▶ _HOW TO COMPLETE THIS TASK_
Leave the pictures out. Return all other data exactly.
── PROVIDED MATERIAL
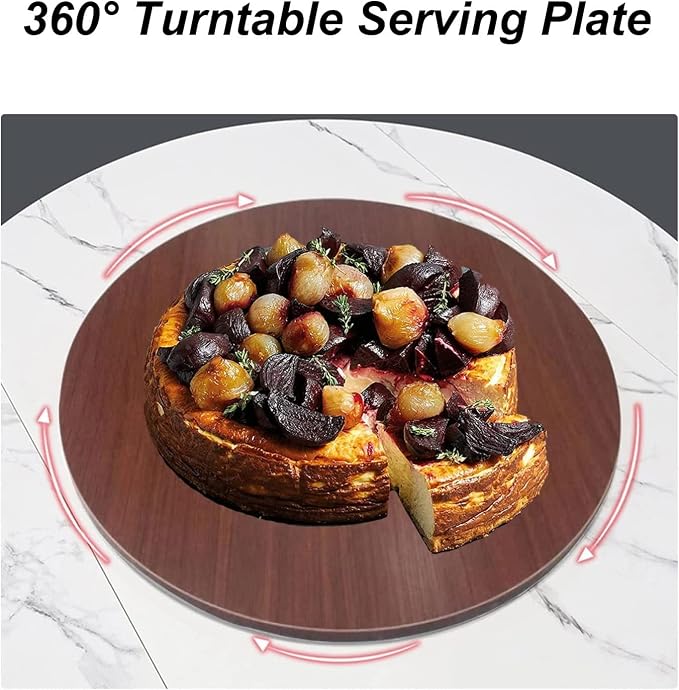 Kitchen Lazy Susan Large Wood Turntable For Round Table - Swivel Serving Tray - 360 ° Flexible Rotation For Easy Share All Foods, One Piece With Bearing, No Need To Install (Color : Red-brown, Size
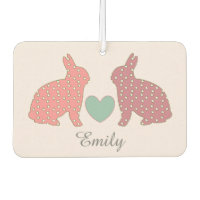 Polka Dot Bunnies Pink Personalisiert
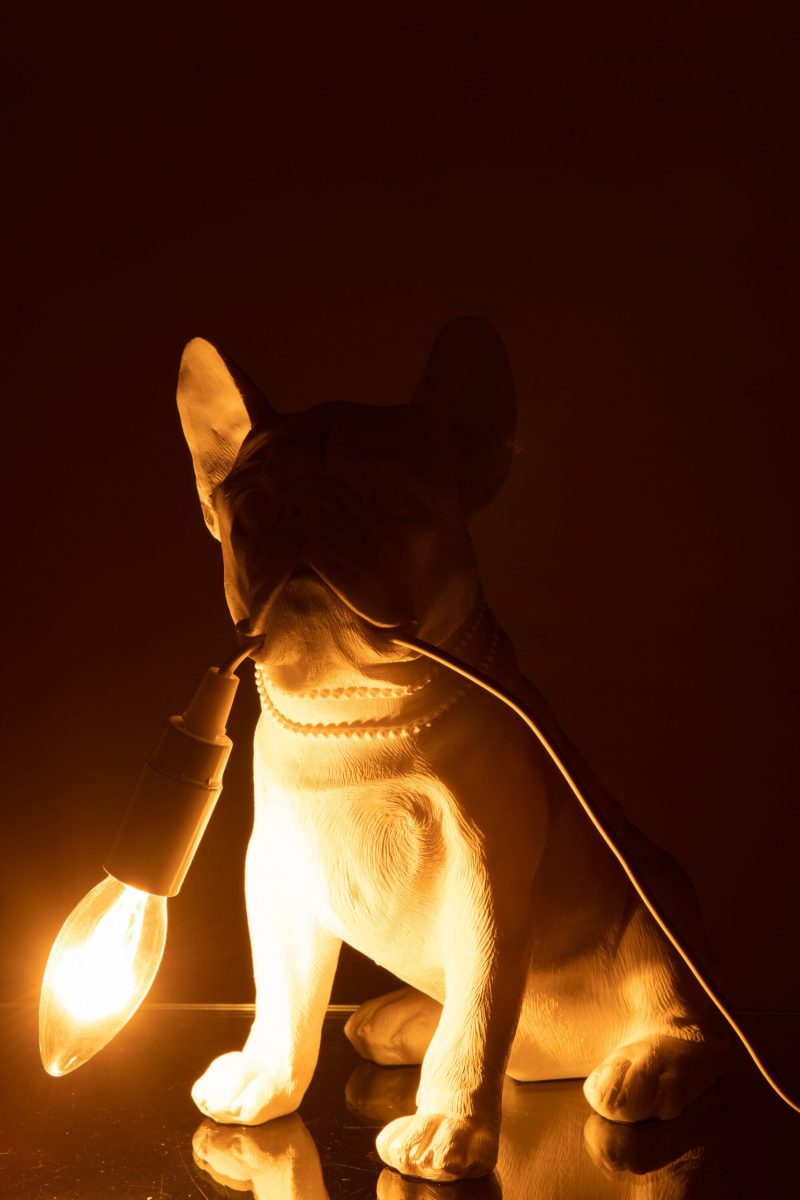 Moderne witte tafellamp hond Jolipa Bulldog poly - Afbeelding 5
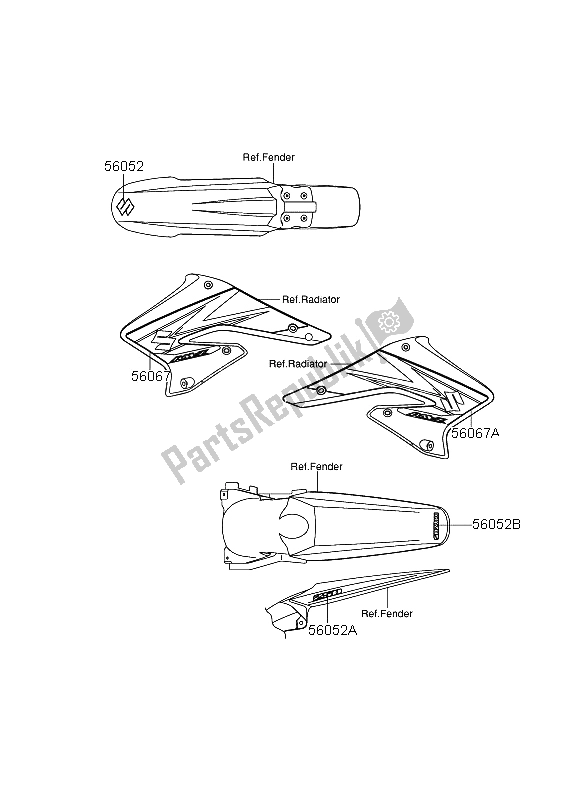 Wszystkie części do Kalkomania Suzuki RM Z 250 2006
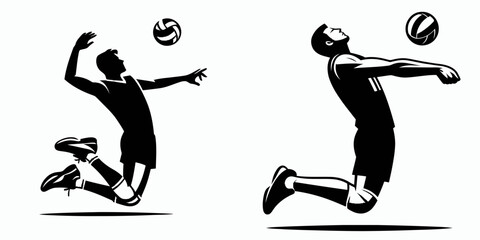 A Volleyball setter dump surprise. Sports Activity Playing Game Athlete Competition Clipart Line Art Vector Illustration. court strategist trick play unexpected attack from position player.
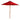 A dark blue picnic table parasol with a wooden pole, standing upright against a white background.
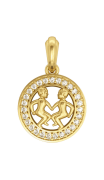 Gemini Charm Pendant in 14K Gold Studded with Diamonds with Leather Cord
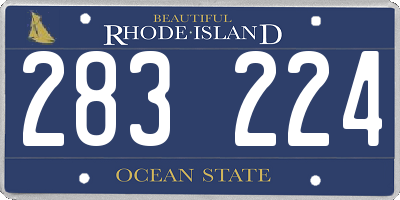 RI license plate 283224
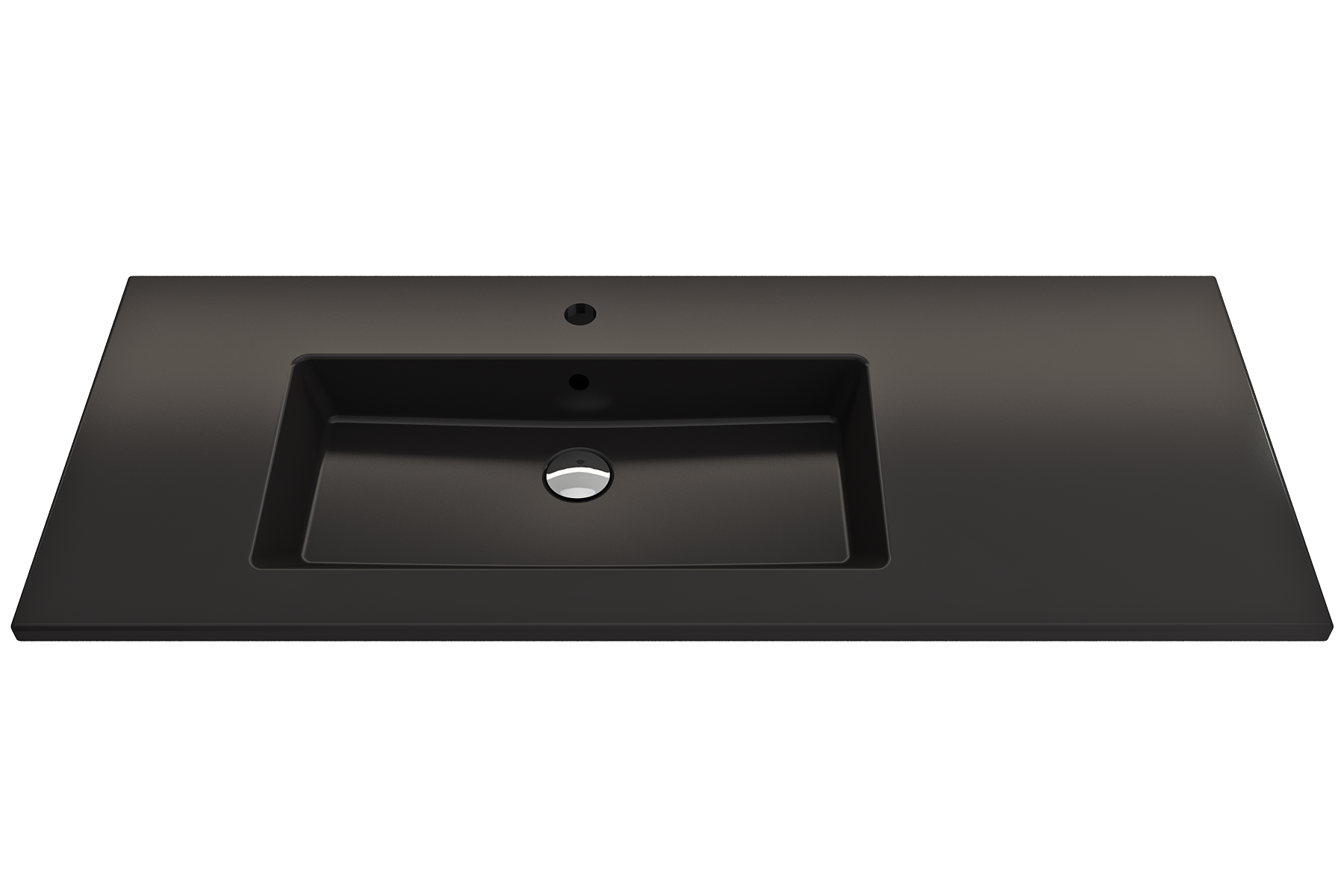 BOCCHI Ravenna 48" Rectangle Wallmount Fireclay Bathroom Sink, Matte Black , Single Faucet Hole, 1305-004-0126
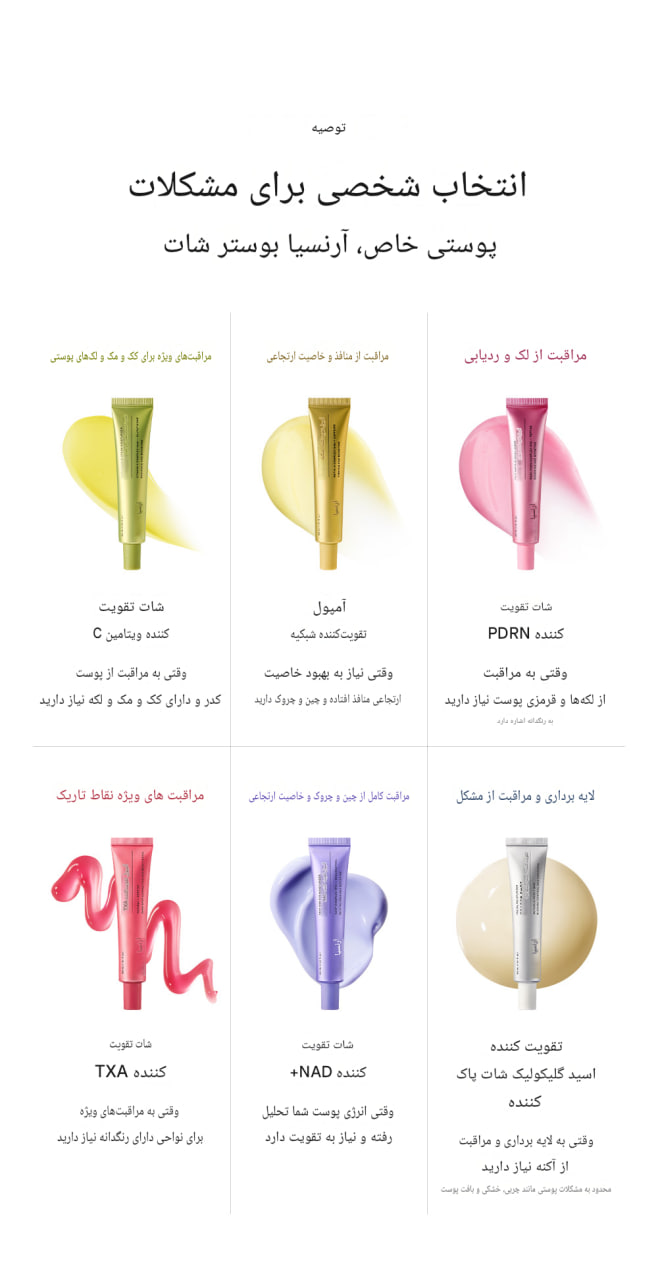 سرم بوستر لایه بردار، ضد لک، تسکین دهنده، کنترل چربی و منافذ گلیکولیک اسید آرنسیا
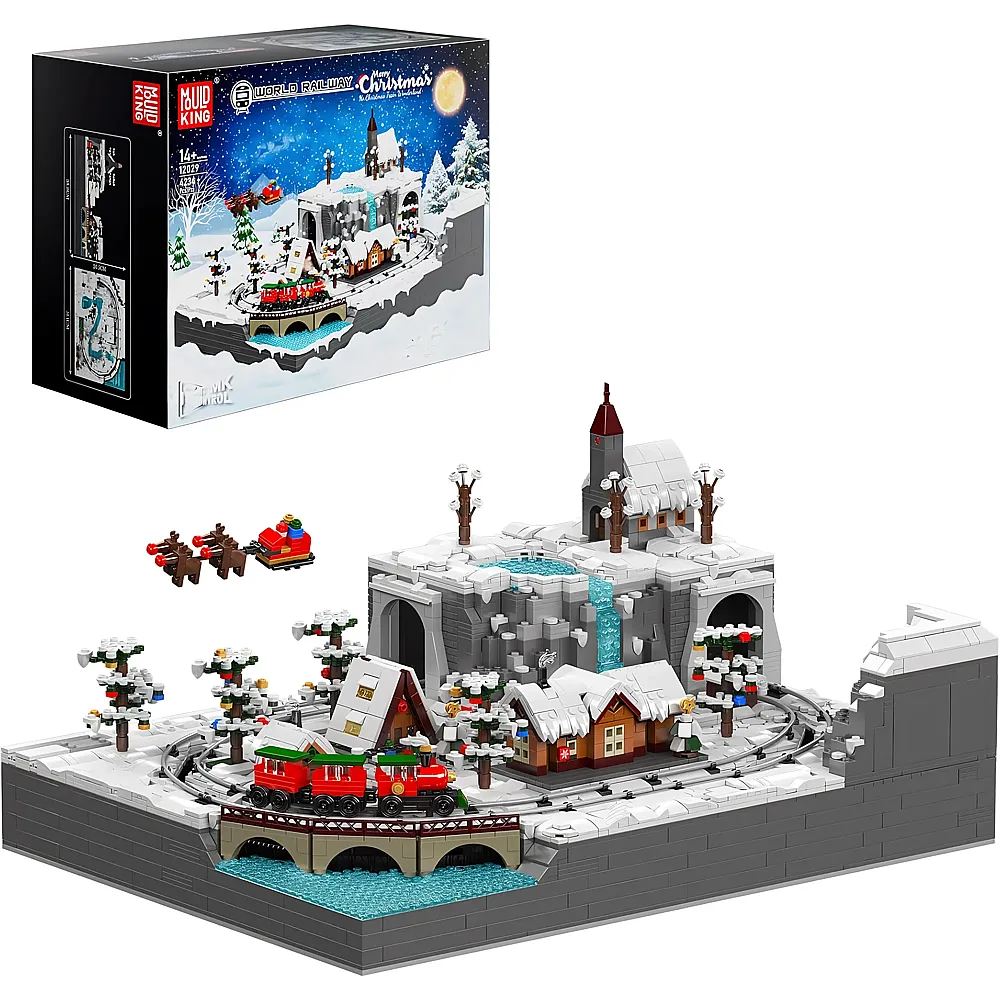 Mould King Ferngesteuerter LED Weihnachtszug Wunderland 12029 - Klemmbausteine Eisenbahn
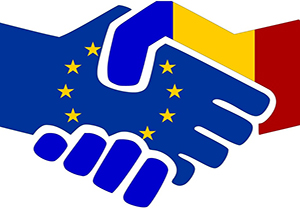 EU - Romania / Handshake, symbol of agreement or friendship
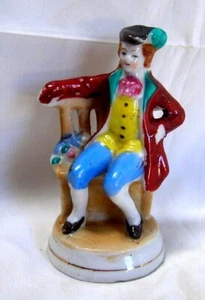 Vintage Porcelain Victorian Figurine-Occupied Japan-Hand painted-Man on Bench-4" - Picture 1 of 3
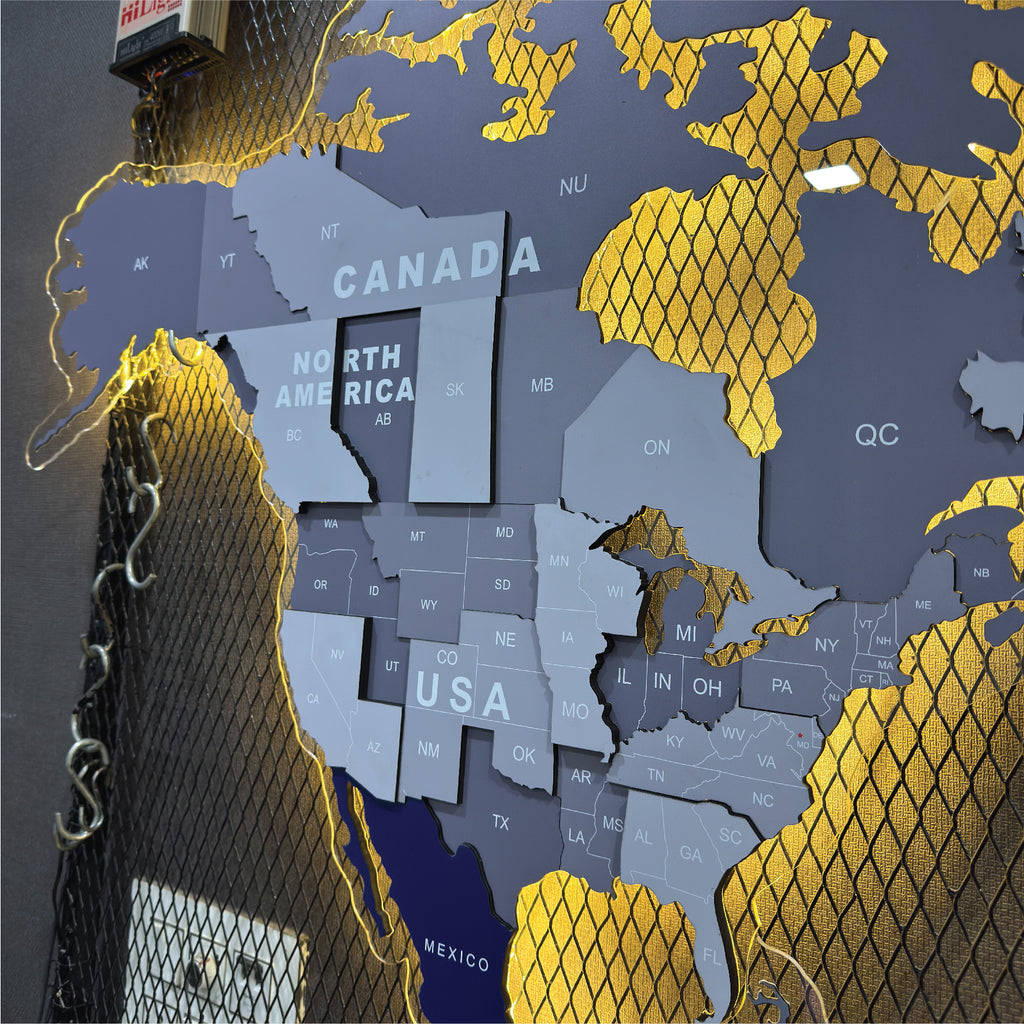 Grey LED Backlit Wooden World Map Layered Wall Art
────
▶ _RESPONSE_
 Kitchen Lazy Susan Large Wood Turntable For Round Table - Swivel Serving Tray - 360 ° Flexible Rotation For Easy Share All Foods, One Piece With Bearing, No Need To Install (Color : Red-brown, Size
 Polka Dot Bunnies Pink Personalisiert
 Moderne witte tafellamp hond Jolipa Bulldog poly - Afbeelding 5
 Wszystkie części do Kalkomania Suzuki RM Z 250 2006
 A Volleyball setter dump surprise. Sports Activity Playing Game Athlete Competition Clipart Line Art Vector Illustration. court strategist trick play unexpected attack from position player.
 A dark blue picnic table parasol with a wooden pole, standing upright against a white background.
 Gemini Charm Pendant in 14K Gold Studded with Diamonds with Leather Cord
 RI license plate 283224
 BOCCHI Ravenna 48" Rectangle Wallmount Fireclay Bathroom Sink, Matte Black , Single Faucet Hole, 1305-004-0126
 سرم بوستر لایه بردار، ضد لک، تسکین دهنده، کنترل چربی و منافذ گلیکولیک اسید آرنسیا
 Mould King Ferngesteuerter LED Weihnachtszug Wunderland 12029 - Klemmbausteine Eisenbahn
 EU - Romania / Handshake, symbol of agreement or friendship
 Vintage Porcelain Victorian Figurine-Occupied Japan-Hand painted-Man on Bench-4" - Picture 1 of 3
 Grey LED Backlit Wooden World Map Layered Wall Art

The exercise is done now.